Chapter 30

I’m woken by someone banging on the door. Adrenaline sparks in my veins and I pull the covers to my chest as I stare towards it. The sky outside is dark now, no light seeping in around the edges of the blinds.

Is it Riley? The police? Something worse?

I want to escape, but I can’t. This flat only has one window—that’s why I bloody rented it—and that’s right by the front door. I’m stuck.

I tiptoe over to the door, then carefully look through the peephole and . . . just great. Just when I think things can’t get any worse.
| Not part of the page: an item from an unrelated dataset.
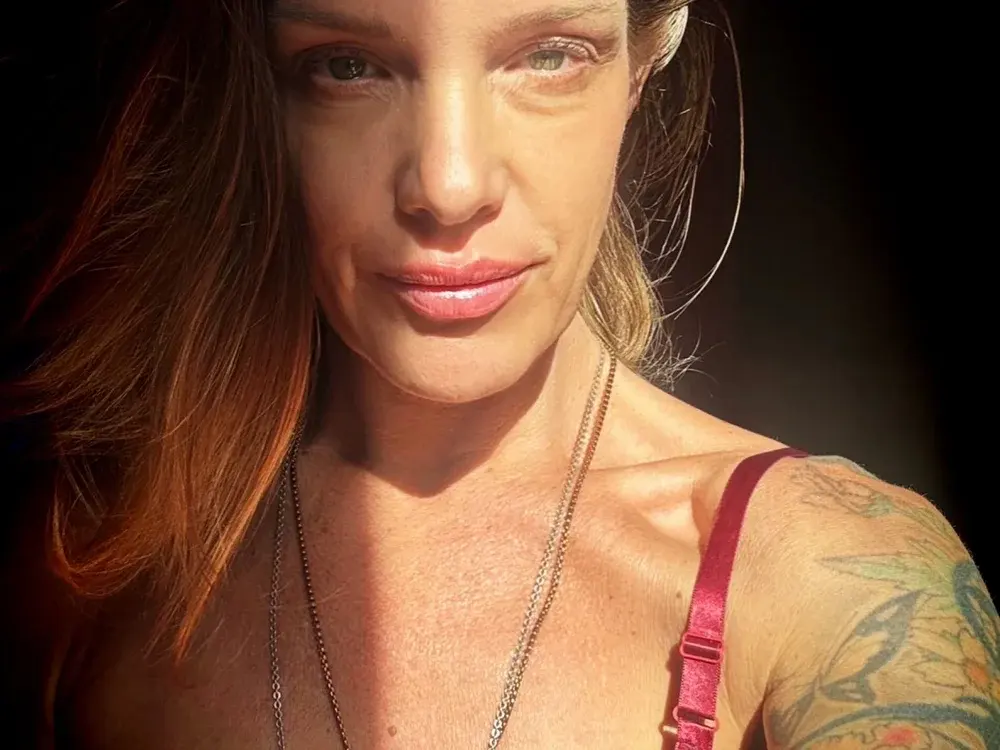 Cuckold Mature cam couples on webcam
Because it’s Oscar, his eyes glowing green and gold as he frowns at me through the peephole.

A heat boils within me. He is the reason Kenny is on that noticeboard. He is the reason Sally or Riley might get suspicious and figure out what I am. He is like a grenade that has rolled into my life and I can’t find the pin to put it back in.

I want to ignore him. Tell him to go away. But he’ll just open the door himself.

So I reach for the latch and pull open the door.

‘Aubrey, I don’t like waiting,’ he says, irritation in his voice as he looks me up and down. His gaze lands on my tangled hair and he frowns. ‘Were you still sleeping? It’s well past dusk. You really are lethargic, aren’t you?’ Then he pushes his way inside. ‘Come on. You need to pack some things.’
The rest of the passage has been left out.